The more information comes out about the nation’s first diagnosed case of ebola, the more apparent it becomes that the “system” that is supposed to protect the public from outbreaks of deadly diseases is made of Swiss cheese, just like our porous southern border.
(The following information is compiled based on reports in The Telegraph, the Washington Post and other sources.)
Thomas Duncan, a native Liberian, helped bury a 19-year-old who died of ebola on Sept. 16. Four days later, he boarded the first of three planes on his journey to see his girlfriend Denise Troh in Dallas.
Standing in his way was the first formidable barrier to his travel from an ebola-plagued country to the United States: a form.
On the form was the question whether Duncan had come in contact with anyone who had contracted ebola. He checked no.
While there is talk of prosecuting Duncan for lying on the form, to be fair, it’s unclear for the moment whether he understood the form or even if he understood what the 19-year-old had died of.
In any event, there was no other checking of this particular passenger’s health before he boarded a Brussels Airlines flight in Liberia.
Once in the U.S., he showed severe symptoms of the illness, so his girlfriend took him to the hospital. When he was asked for his Social Security number, he told hospital staff he didn’t have one because he was a Liberian citizen. According to Troh, he told staff twice that he was Liberian, yet somehow the word didn’t get around.
Under CDC guidelines, in which the hospital staff should have all been trained, red flags, bells and steam whistles should have popped up at the mention of Liberia.
Instead, Duncan was diagnosed as having a common virus, and was sent home with antibiotics. Antibiotics, of course, do not work on viruses, according to the Mayo Clinic, something else the hospital staff should have known.
On September 28, when Duncan was so sick that an ambulance was called, the emergency personnel used no special precautions despite Duncan being Liberian and showing symptoms of ebola. He also “vomited wildly” outside the apartment where he had been staying.
The unsterilized ambulance was used for an additional 48 hours before being taken out of service.
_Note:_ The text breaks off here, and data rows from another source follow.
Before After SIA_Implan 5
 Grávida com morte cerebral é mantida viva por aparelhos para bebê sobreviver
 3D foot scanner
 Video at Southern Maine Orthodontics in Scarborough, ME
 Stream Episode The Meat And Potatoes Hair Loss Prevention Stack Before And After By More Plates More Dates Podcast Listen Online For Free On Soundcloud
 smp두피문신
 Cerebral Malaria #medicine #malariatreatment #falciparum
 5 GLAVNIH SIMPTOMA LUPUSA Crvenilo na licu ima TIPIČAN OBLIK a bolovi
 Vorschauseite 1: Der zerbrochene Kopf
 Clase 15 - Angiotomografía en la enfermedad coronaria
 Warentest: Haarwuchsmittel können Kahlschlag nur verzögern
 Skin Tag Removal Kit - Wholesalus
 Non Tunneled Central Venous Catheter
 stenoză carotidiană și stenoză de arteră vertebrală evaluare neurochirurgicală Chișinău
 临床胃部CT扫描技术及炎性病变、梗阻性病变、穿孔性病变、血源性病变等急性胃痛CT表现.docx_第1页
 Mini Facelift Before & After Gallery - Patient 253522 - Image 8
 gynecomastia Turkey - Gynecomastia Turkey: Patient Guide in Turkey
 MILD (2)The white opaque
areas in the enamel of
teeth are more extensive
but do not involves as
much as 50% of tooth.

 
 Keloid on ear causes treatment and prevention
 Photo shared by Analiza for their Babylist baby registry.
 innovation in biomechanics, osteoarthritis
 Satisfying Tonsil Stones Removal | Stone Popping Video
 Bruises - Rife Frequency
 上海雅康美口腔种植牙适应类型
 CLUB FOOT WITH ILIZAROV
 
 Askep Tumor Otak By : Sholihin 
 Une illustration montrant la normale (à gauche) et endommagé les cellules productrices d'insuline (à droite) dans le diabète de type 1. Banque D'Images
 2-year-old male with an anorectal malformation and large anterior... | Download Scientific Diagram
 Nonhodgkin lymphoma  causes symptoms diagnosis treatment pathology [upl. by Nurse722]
It took 48 hours after that for health workers to get a cleaning crew to sterilize the area outside the apartment where Duncan had been vomiting his guts out.
The girlfriend and immediate family who had been in contact with Duncan were not quarantined until three days after he was diagnosed with ebola. During that period, they did go outside.
Since the quarantine, health officials have not made any effort to sterilize the apartment or the building where Duncan was saying. Troh told a reporter that she had cleaned the apartment herself using bleach, but that she didn’t know what to do with the towels, sheets and bed Duncan used.
At least four sheriff’s deputies entered the apartment without protection and have also been quarantined, as have the ambulance personnel.
The list of people being monitored, but not quarantined yet, has grown to over 100.
Five children are known to have had direct contact with Duncan. They were not pulled out of school until three days after his diagnosis. The schools are still in session, although hazard-suited personnel and extra nurses are on hand. Many parents are taking no chances and have removed their children from school.
This is how well our health care system works.
Hundreds of people within a matter of days may have been exposed to a disease with a fatality rate between 60 percent and 90 percent, depending on the strain, because ultimately we are placing our lives in the hands of various governments and private bureaucracies that rely on forms and people who are bored, lazy or just inattentive to defend society at large from an invisible killer.
Meanwhile, all up and down the government food chain, bureaucrats are smiling and saying everything is fine, there’s no risk, certainly no danger.
That certainly explains why President Obama has dispatched 3,000 troops to ebola country and the CDC is predicting up to 1.4 million cases globally by January.
In this situation, people need to consider what precautions they should take for themselves and their families, and not wait for government to admit there’s a risk and do something about it.